Archive for the ‘Kauai’ Category

Kauai- Part VII

March 11, 2012

So where were we? Still in Kauai! It’s the last half of our last day on vacation…

“In Kauai?” you ask? “Isn’t that where they just had a week of pounding rains?” Yes it is. For the seven-day period ending this past Friday, the rainfall level was nearly 46 inches in Hanalei, Kauai.

(Poor Puff!)

Here’s a video of the storm, recently posted on youtube:

Not my video! No! I’m talkin’ Saturday, Jan 28, 2011 – the last half of our last day in Paradise. PARADISE? Well, so it probably isn’t, in the midst of a 46-inch rain. On January 28 we have a few hours left before we have to be at the airport in Lihue. But our story won’t be similar to travelers this past week as reported in USA Today – when Hawaii’s lieutenant governor had to phone a couple from Littleton, Colo. to apologize to them and a group of 10 to 20 other marooned tourists that had been booted out of Lihue Airport into a raging rainstorm after midnight Tuesday. Click here [ 1 ] to view the article.

Furthermore, I might add, I’m well beyond the ‘breast-feeding’ stage of life.

But anyway, let me take you back…

To our walk on the Golf course in Princeville-

And our delightful last lunch on Steph and Vic’s patio, compliments of Victor:

‘MMMMMMMMM!” Won Ton soup!

Eric cleans up the dishes

While David swats at the only fly we encounter during our entire trip.

Paradise!

David does our laundry

While Eric sweeps up the extra mess he tracked in from all those hikes he took by himself

One last run to the dump

“Hey Victor, what are you doing throwing Eric’s precious box of Franzia wine away? You left in your trunk at least two glasses of this valuable wine you could drink.”

We make one last trip to the grocery store

Why are organic local eggs $8.99/dozen with all the ‘cage free’ chickens running around everywhere?

Uh, okay, so there isn’t much to report about that second half of our last day. I just don’t want to stop blogging about our trip to Kauai. Could I just drag these endless blogs out to sustain me till spring weather actually arrives in Idaho? (June)

We cleaned up some of our trail of mess we left at the house, restocked a little of the food we devoured, and packed.

Awwwwwww…. It’s time to head to the airport. “Goodbye Steph and Vic!”

“Goodbye Paradise!”

I capture one more bit of Kauai scenery through the car window on the way to the airport.

“Good-bye sign to the entrance of the airport!” (‘cuz even the sign looks ‘Paradise-y’)
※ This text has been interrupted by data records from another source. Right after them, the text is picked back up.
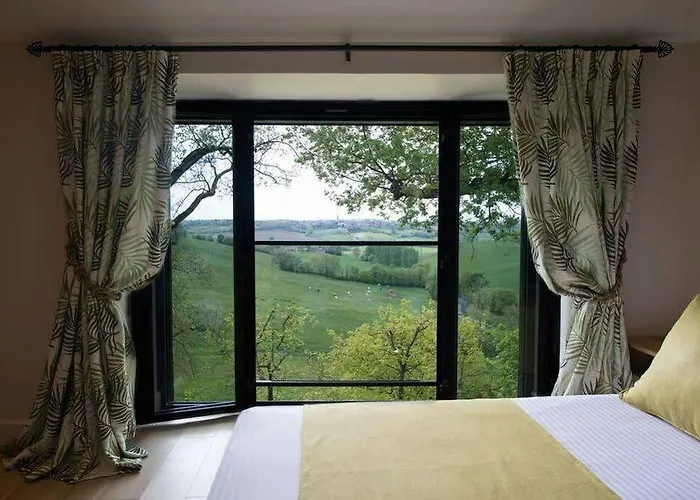 Domaine De Nazere Casa de Férias *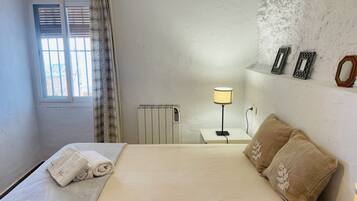 Nhà, hút thuốc | 3 phòng ngủ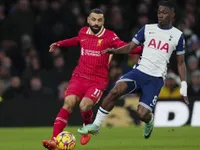 Salah tỏa sáng, Liverpool thắng thuyết phục Tottenham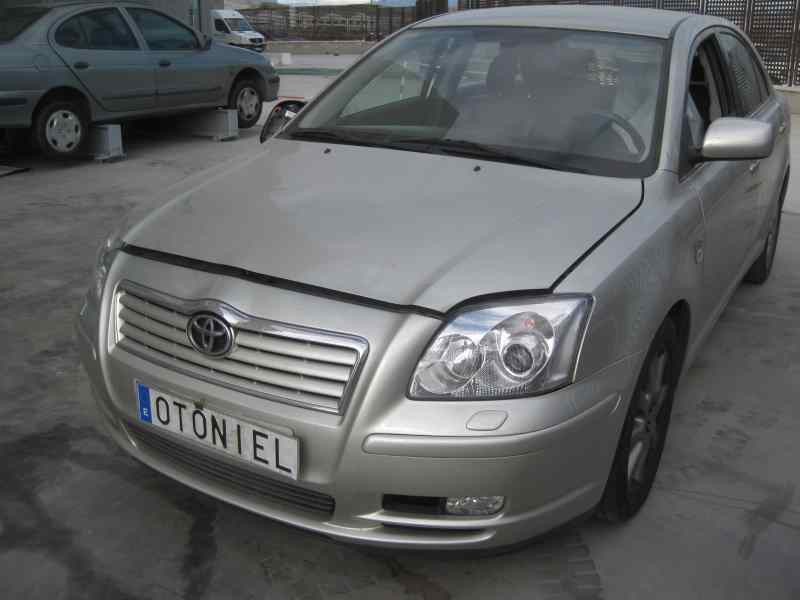 toyota avensis berlina (t25) del año 2004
“Goodbye happy, cage-free chickens everywhere.” – which do apparently own the whole island

including the airport terminal.

“Hello inevitable airplanes.”

This one isn’t ours. Ours arrives about dark. We do lose two oranges, a water bottle, and an expensive tube of sunscreen as we go through security. But at least I don’t have to breastfeed an infant on the 6-hour flight and surrender the pump and baby bottles at security (which I guess could create a crisis if, say, I pass out on the flight and my hubby has to feed the infant, or the person next to me has an extreme boob phobia?? – in reference to ‘passenger hardship’ in the USA Today article above).
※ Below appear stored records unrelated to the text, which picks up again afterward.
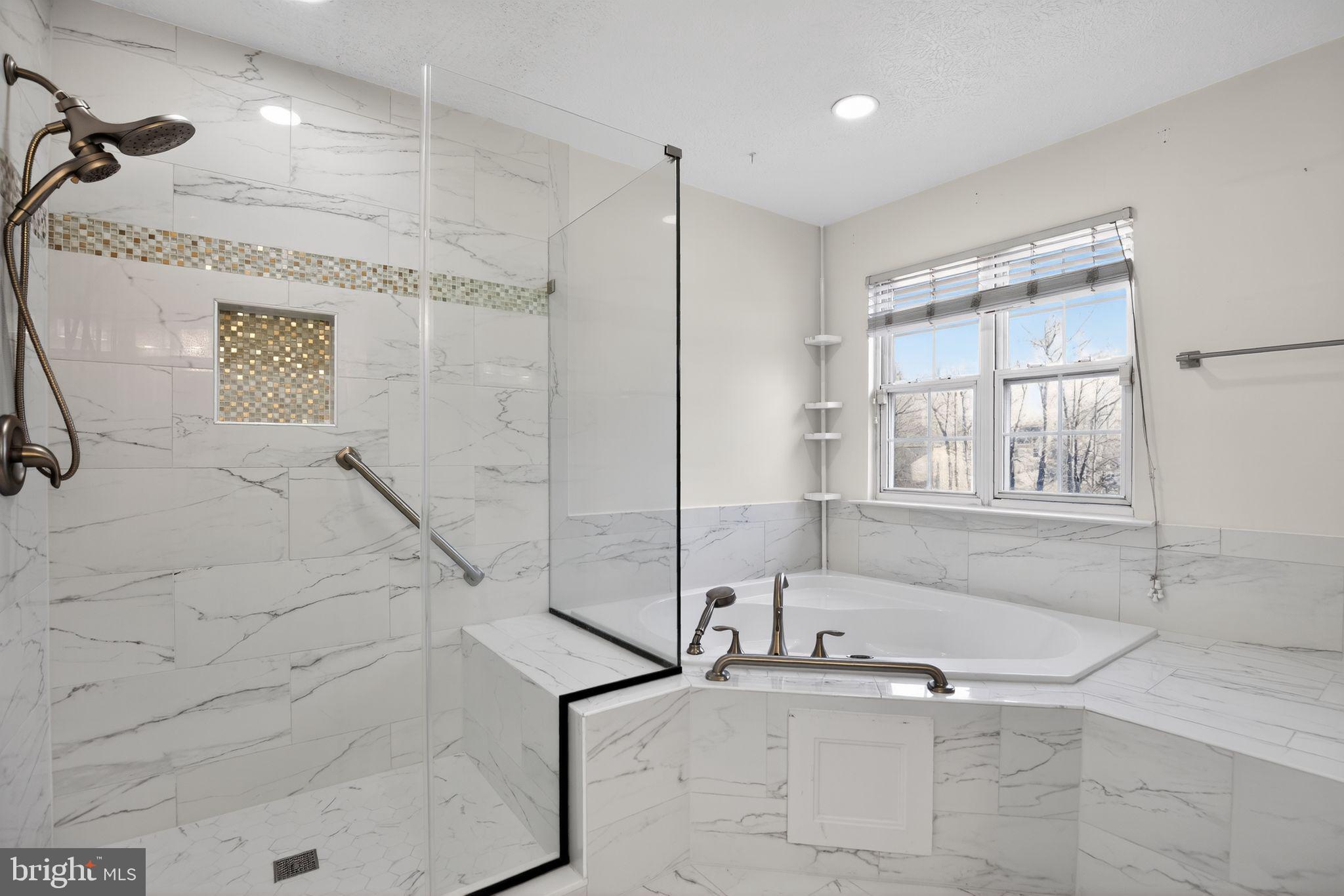 2323 SPRINGDALE LANE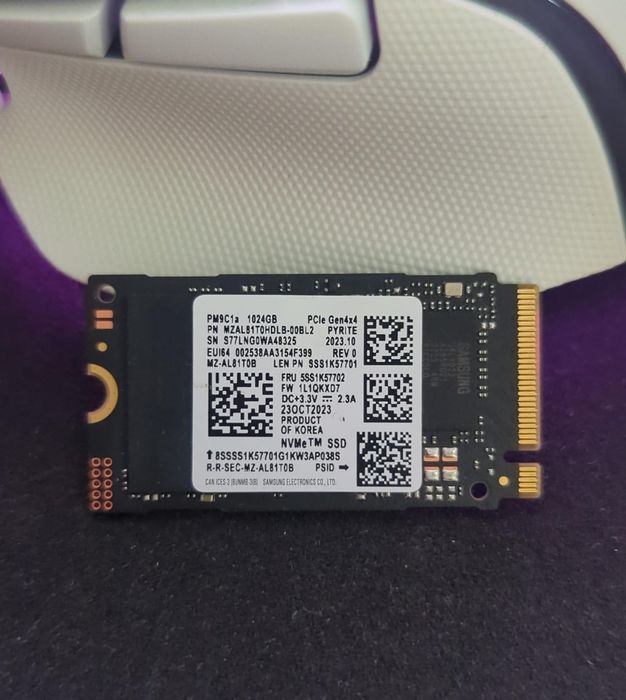 Samsung PM9C1 1TB SSD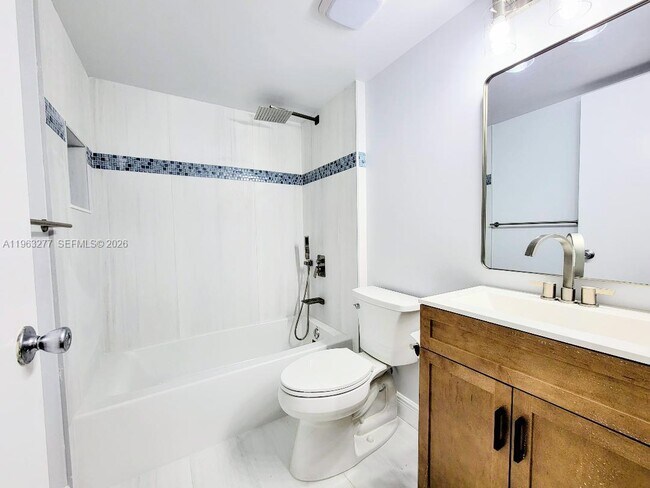 Building Photo - 5701 Riverside Dr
“Hello extemely expensive tropical fruit drink at the airport bar” –

which, of course, is no-where stiff enough to lull me into even a wink of sleep over the next six hours…

Should I tell you about the rest of our trek back to Idaho?

Kauai – Part…uh …VI!

March 4, 2012

You didn’t think we had left Kauai, did you? I still have to tell you about our last day! – Saturday, Jan 28. Temp: 80 degrees. Verdict: Cram as much fun into our day as we possibly can. Our flight home doesn’t leave until 7PM!
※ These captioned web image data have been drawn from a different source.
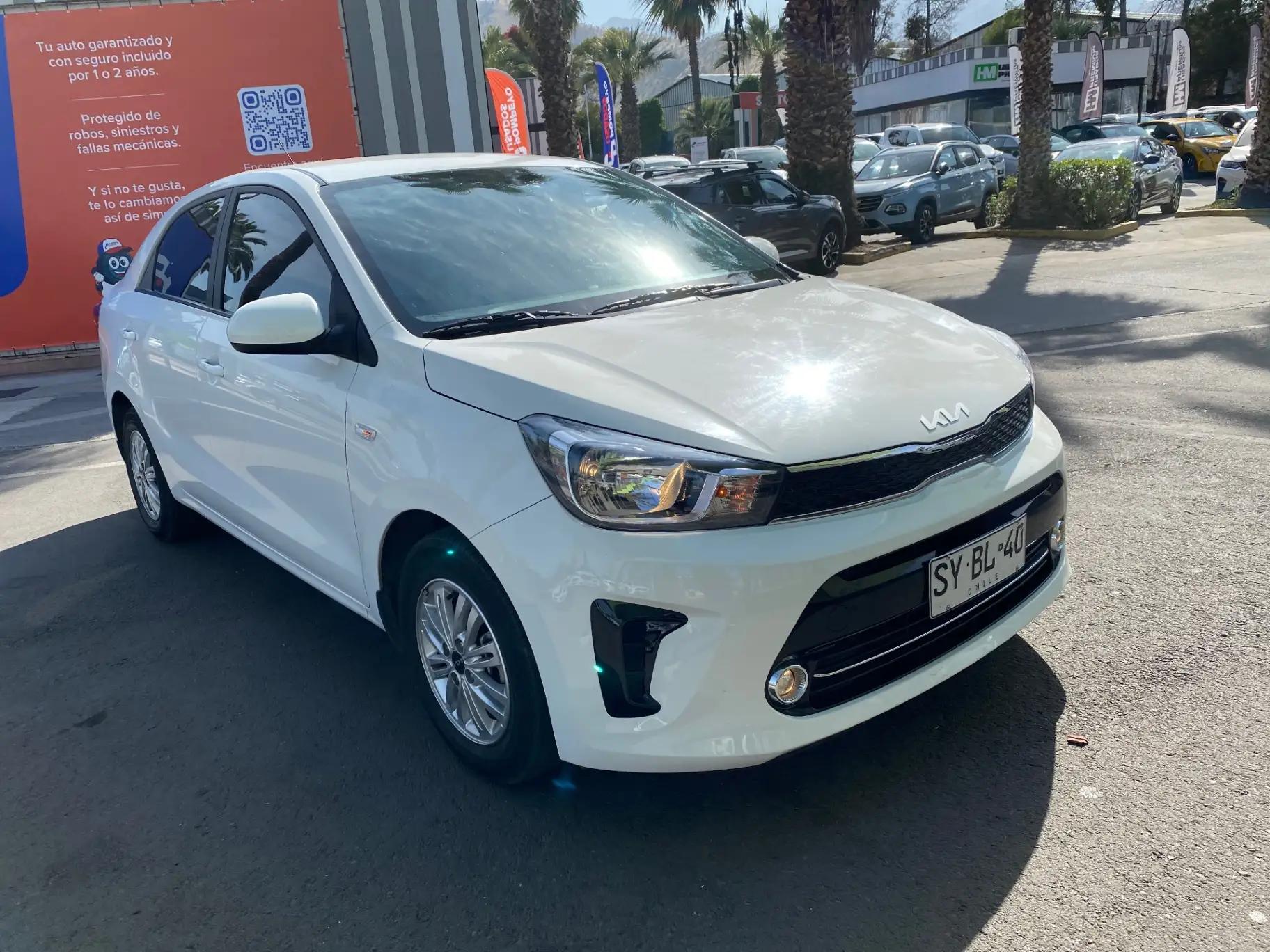 Automovil Kia Soluto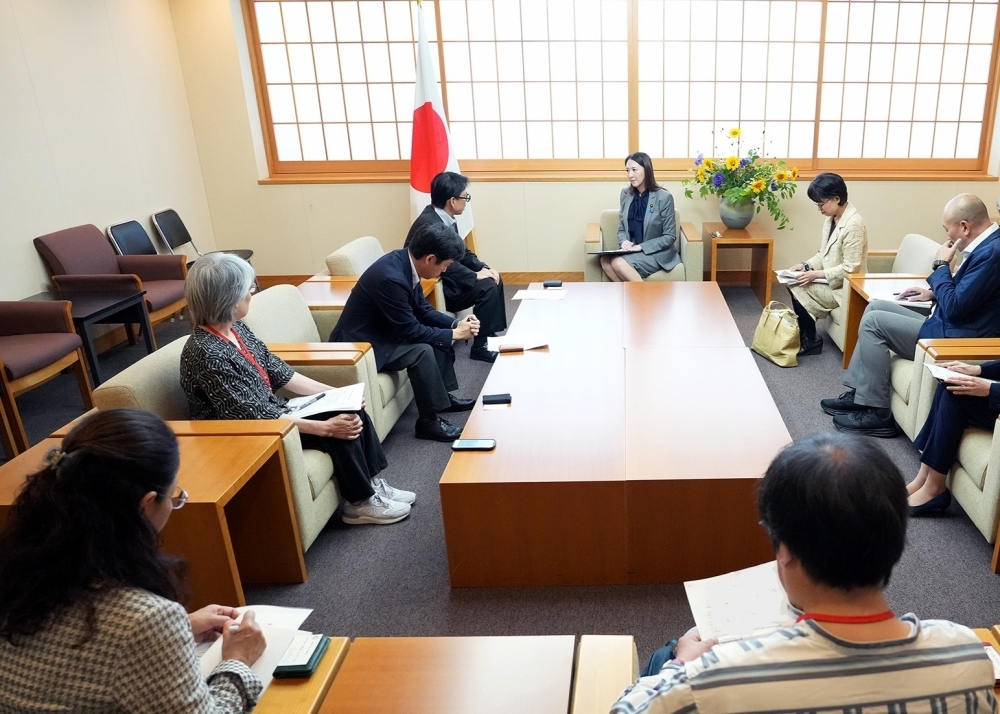 意見交換をする英利外務大臣政務官と連携推進委員会NGO側関係者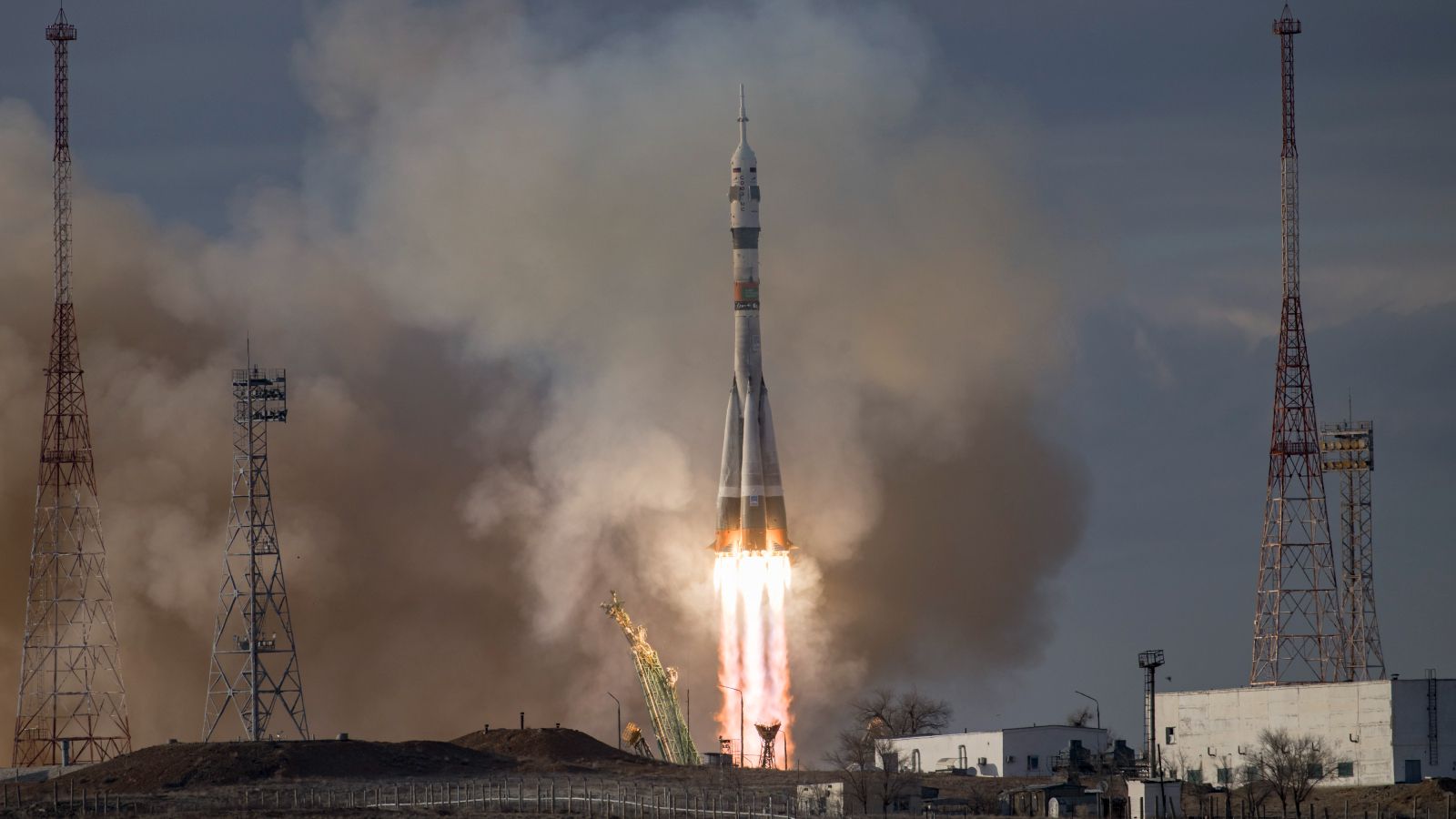 Oops! Russia accidentally destroys its only working launch pad as astronauts lift off to ISS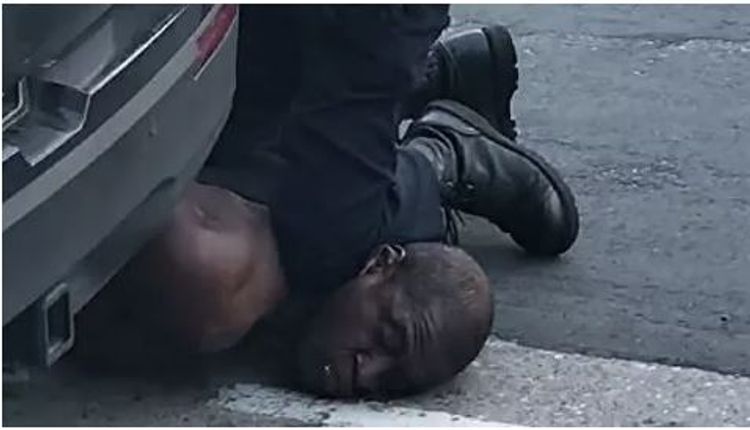 Nyu-Yorkda afroamerikalının polis tərəfindən öldürülməsinə etiraz olaraq aksiya keçirilib - VİDEO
There’s plenty to do right here in Princeville. Like imagining you’re hanging with George Clooney and crew filming, “The Descendents”

every time you pass this fountain in the center of Princeville.

Or….

Clinging to Tom Cruise in a ‘War of the Worlds’ experience –

“Aaaaaaa! Don’t get sucked into the alien spacecraft hovering above us …

by that probing tentacle!”

“Oh Noooooo!”

“Not this way! Run! RUN!”

Eric suggests one last hike – just a short drive from the house to

the SeaLodge Resort.

Where you overlook an awesome beach

We might not need our swimsuits, though…

What hazardous conditions does this beach NOT have? Sea serpents?

Eric is up to his usual mischief

NO DEATH MARCHES, ERIC, REMEMBER?

He lures us onto the trail.

It does prove a bit challenging

Thank goodness I’m wearing tennies this time.

Nice touch, Eric. A waterfall.

We arrive at the beach.

Lovely to look at… 🙂

Time to head back.

“Hey, Eric. Climb up that palm tree and get me a coconut!

Uh, but how would we get it open?

Um… shouldn’t we be hooking up with Tom Cruise about now? …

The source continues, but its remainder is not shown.